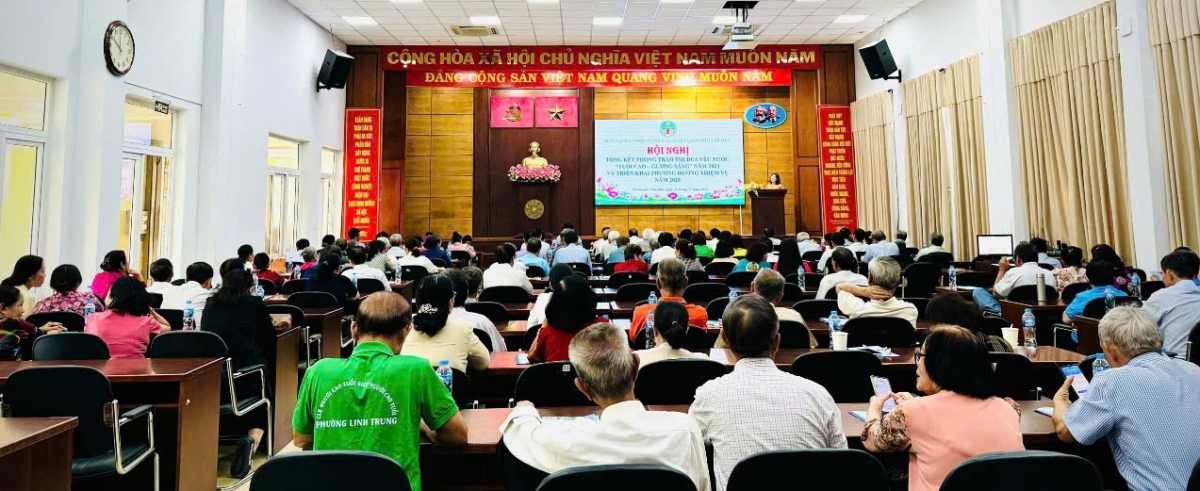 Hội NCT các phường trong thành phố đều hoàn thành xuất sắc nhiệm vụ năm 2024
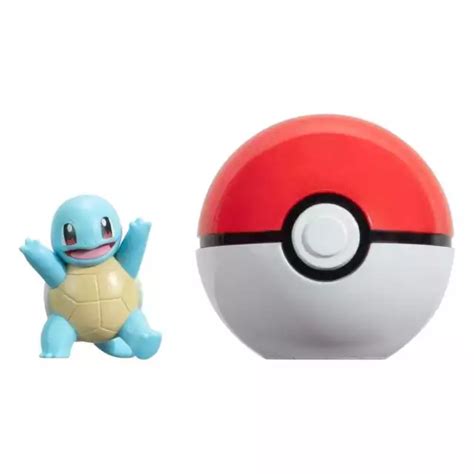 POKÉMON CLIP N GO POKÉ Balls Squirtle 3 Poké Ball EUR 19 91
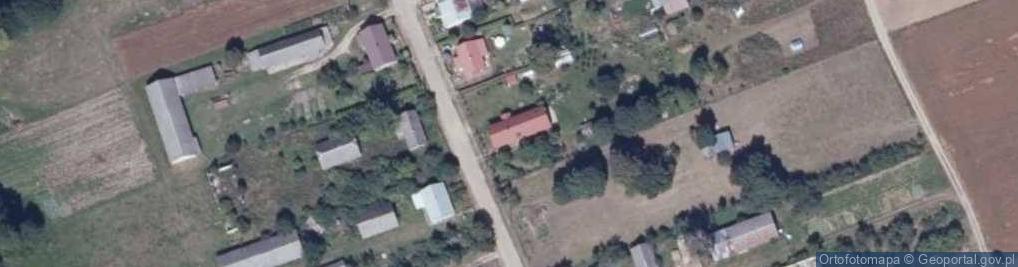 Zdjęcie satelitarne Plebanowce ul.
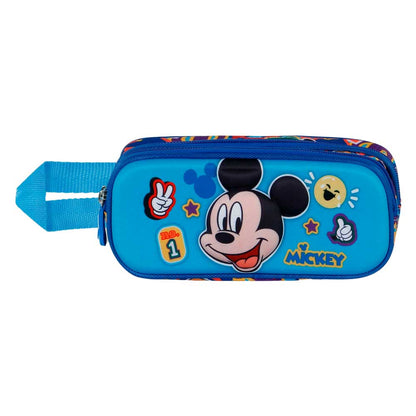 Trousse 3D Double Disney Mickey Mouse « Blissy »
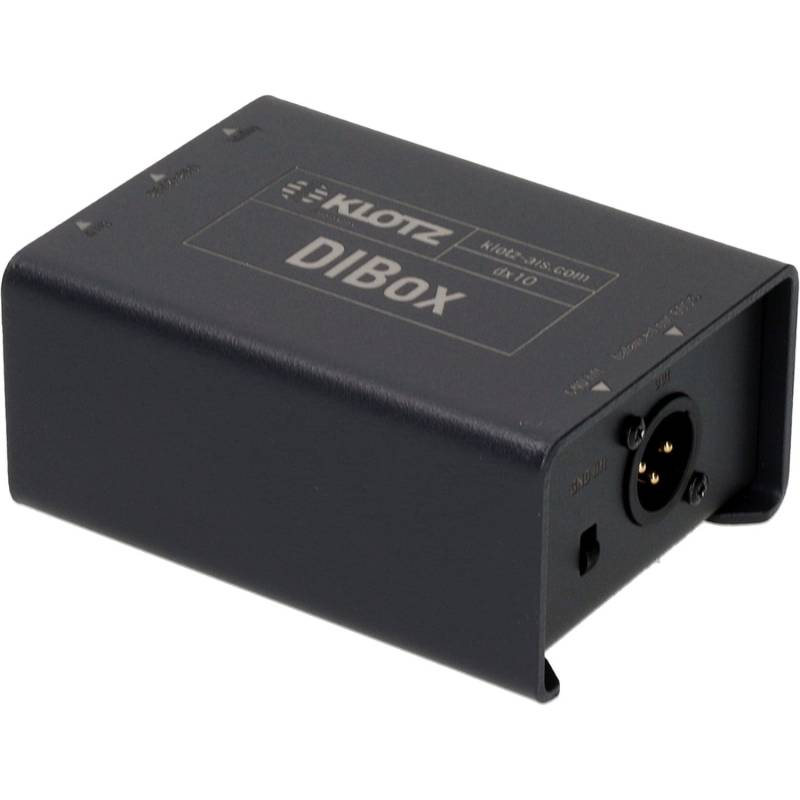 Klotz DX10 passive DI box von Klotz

____________

Except for the pictures, write the data out exactly.

 Hội NCT các phường trong thành phố đều hoàn thành xuất sắc nhiệm vụ năm 2024
 POKÉMON CLIP N GO POKÉ Balls Squirtle 3 Poké Ball EUR 19 91
 Zdjęcie satelitarne Plebanowce ul.
 Trousse 3D Double Disney Mickey Mouse « Blissy »
 Klotz DX10 passive DI box von Klotz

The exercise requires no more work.